Collection entries:
◆ ◆ ◆ ◆ ◆
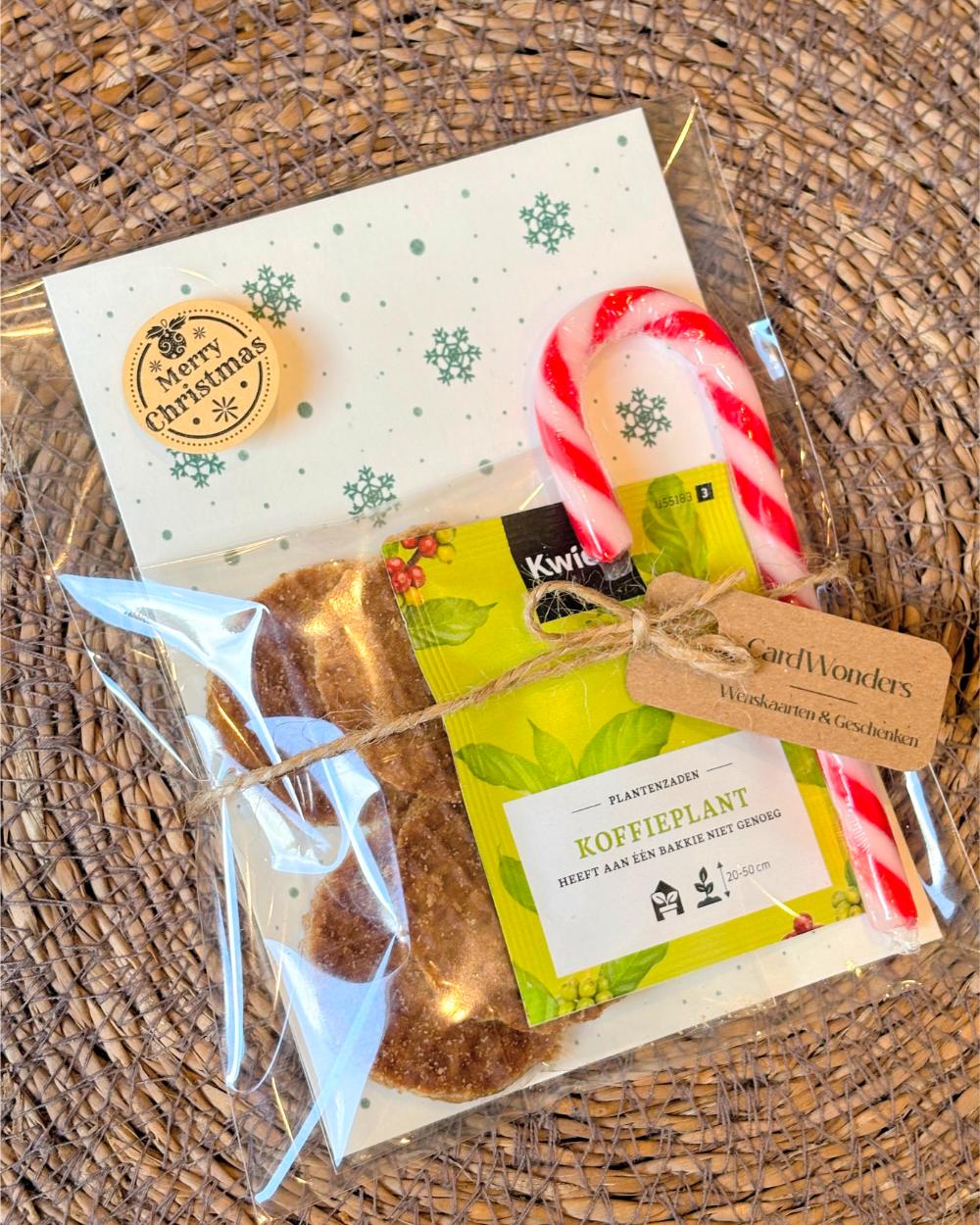 Kerstcadeautje Koffieplant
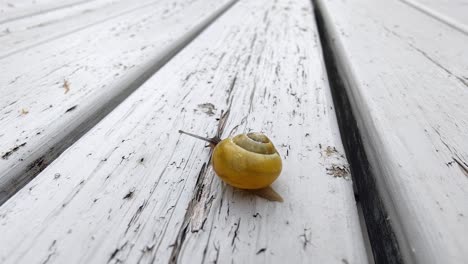 white lipped snail cepaea hortensis crawling rustique wooden table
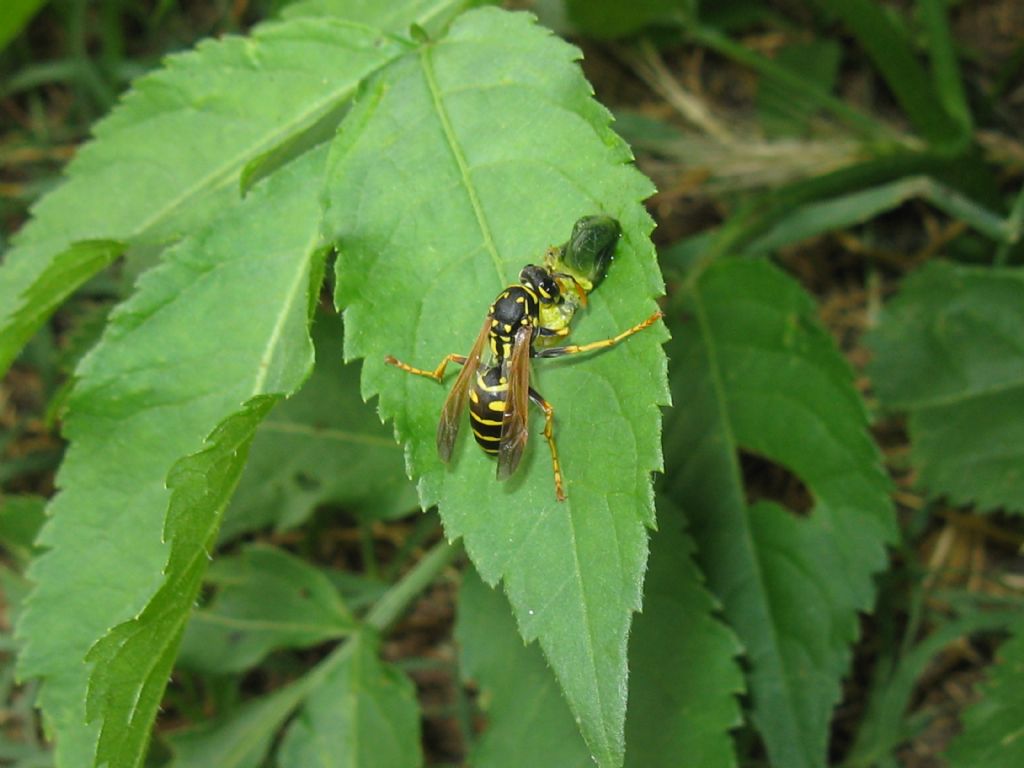 Vespa...? Polistes dominula (cfr.)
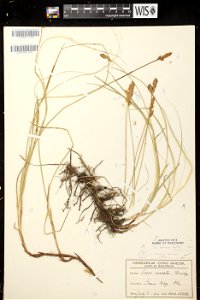 Carex diandra ligula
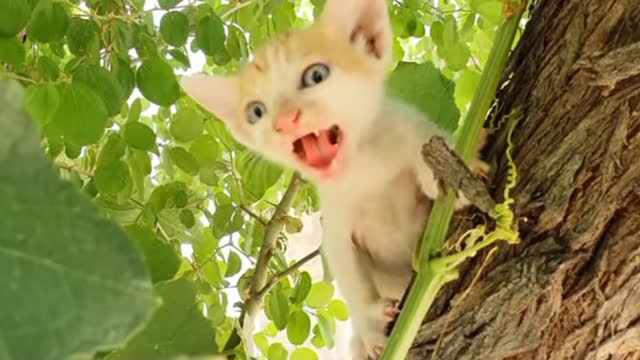 Funny ats and Kittens Meowing Sound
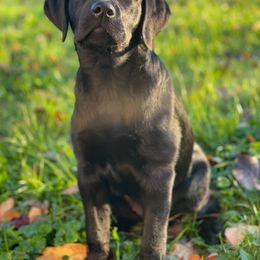 Labrador Retriever Puppies from Outside Labrador Retrievers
◆ ◆ ◆ ◆ ◆
Only the text of the records belongs in the answer, printed exactly and without pictures.

_OUTPUT BELOW_.
 Kerstcadeautje Koffieplant
 white lipped snail cepaea hortensis crawling rustique wooden table
 Vespa...? Polistes dominula (cfr.)
 Carex diandra ligula
 Funny ats and Kittens Meowing Sound
 Labrador Retriever Puppies from Outside Labrador Retrievers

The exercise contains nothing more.